Fritz Felgentreu, angereist aus Berlin, erinnerte zu Beginn seiner Rede an die Tragik der Weimarer Republik, dass sie nach dem Tod von Friedrich Ebert mit Paul von Hindenburg einen monarchistischen Reaktionär als Reichspräsidenten bekam. Dieser habe dann 1933 dem Führer der NSDAP Hitler auf legalem Wege das Tor zur Reichskanzlei aufgestoßen. Hindenburgs Richtungsentscheidung habe den Weg frei gemacht für Willkürherrschaft, staatlich sanktionierten Rassismus, für den Vernichtungskrieg und industriell betriebenen Massenmord, für Krieg, Gewalt und unermessliches Leid. Die Menschen, die am 21. Februar 1933 zum Lister Turm gekommen waren, um den Reichstagsabgeordneten Alfred Faust zu hören, konnten dieses damals nicht wissen. Hinnehmen aber wollten sie den Machtwechsel dennoch nicht. Sie setzten ihre Hoffnungen auf die letzte mehr oder weniger freie Wahl zum deutschen Reichstag. Bedroht wurden sie dabei vom Terror der Feinde ihrer Freiheit und sie wussten, dass diese die Führung des Staates bereits auf ihrer Seite hatten.
Felgentreu erinnerte an Alfred Jahn, den technischen Führer des Reichsbanners in Hannover, der den Schutz der Veranstaltungen leitete und zu einem der Verletzten des Feuerüberfalls zählt. Für Jahn sei der Abend des 21. Februar 1933 nur der Anfang eines langen Leidensweges durch Gefängnisse und Lager der NS-Diktatur gewesen. Felgentreu dankte im Namen des heutigen Reichsbanners der Stadt Hannover für die aktuelle Entscheidung, das Grab Alfred Jahns auf dem Ricklinger Friedhof zum Ehrengrab der Landeshauptstadt umzuwidmen. Jahn läge dort unweit von seinem Reichsbanner-Kameraden Kurt Schumacher, einem Mann, dessen Unbeugsamkeit angesichts der Tyrannei auch künftigen Generationen ein Beispiel für den Willen zur Selbstbehauptung aller Menschen mit demokratischer Gesinnung sein möge!

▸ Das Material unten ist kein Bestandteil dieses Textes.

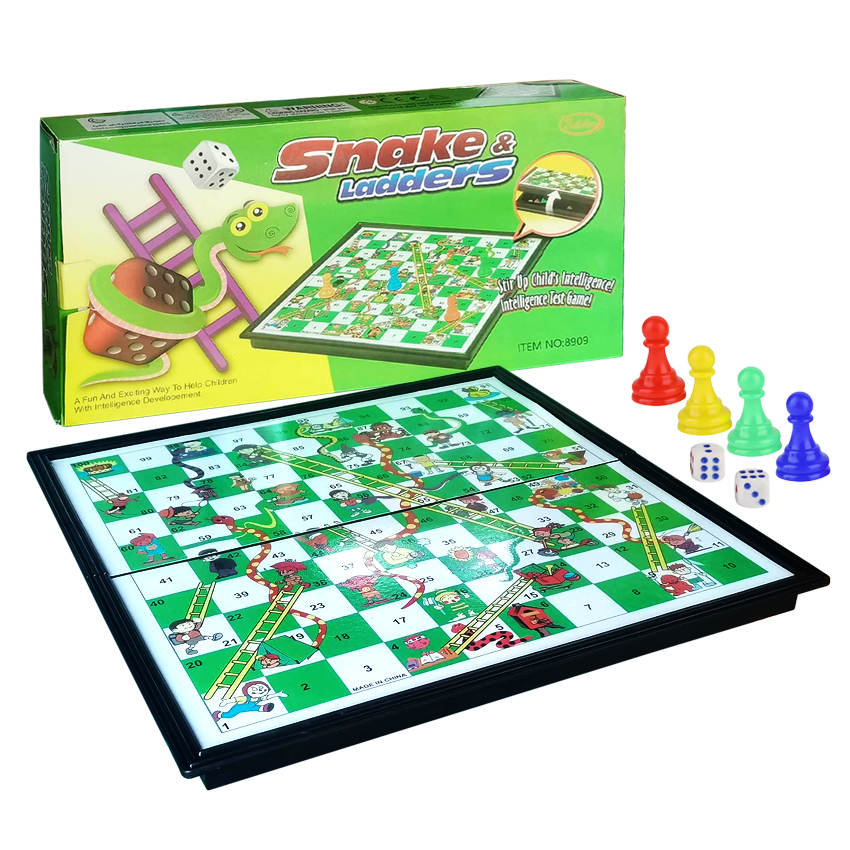 Large Snake and Ladders Board Game Portable Foldable Snakes and Ladders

Felgentreu mahnte: „Der Wille zur Wachsamkeit und zur Selbstbehauptung von Demokratinnen und Demokraten bleibt notwendig. Wir sehen nicht nur in Russland, sondern vielerorts in Europa und auch hier bei uns, dass Demokratie und Rechtsstaat keine Selbstverständlichkeit sind. Sie haben Feinde, die etwas ganz anderes wollen und denen es auch immer wieder gelingt, das Vertrauen vieler Menschen in die freie Republik zu erschüttern. Ihnen entgegenzutreten und dieses Vertrauen zu stärken, das ist unsere gemeinsame Aufgabe.“
Es folgten anschließend beindruckende kulturelle Beiträge des Poetry Slammers Matti Linke und seiner Kollegin Antonia Josefa. Dazwischen ein Auszug aus dem Theaterstück „Flügel“, präsentiert von geflüchteten Jugendlichen aus der Ukraine und aus Hannover unter Leitung von Anton Telbizov in Kooperation mit dem Ukrainischen Verein in Niedersachsen.
Ergriffen von den Darbietungen der Jugendlichen verzichtete der Bundestagsabgeordnete Adis Ahmetovic auf seine vorbereitete Rede zur Kranzniederlegung und sprach in klaren Sätzen seinen Dank und seine Hoffnungswünsche an die Jugendlichen und Betroffenen des Krieges in der Ukraine aus.
Die Kranzniederlegung, begleitet durch eine Delegation der Reichsbanner-Regionalgruppen Hannover und Süd-Niedersachsen, wurde ein würdiger Abschluss einer beeindruckenden Veranstaltung.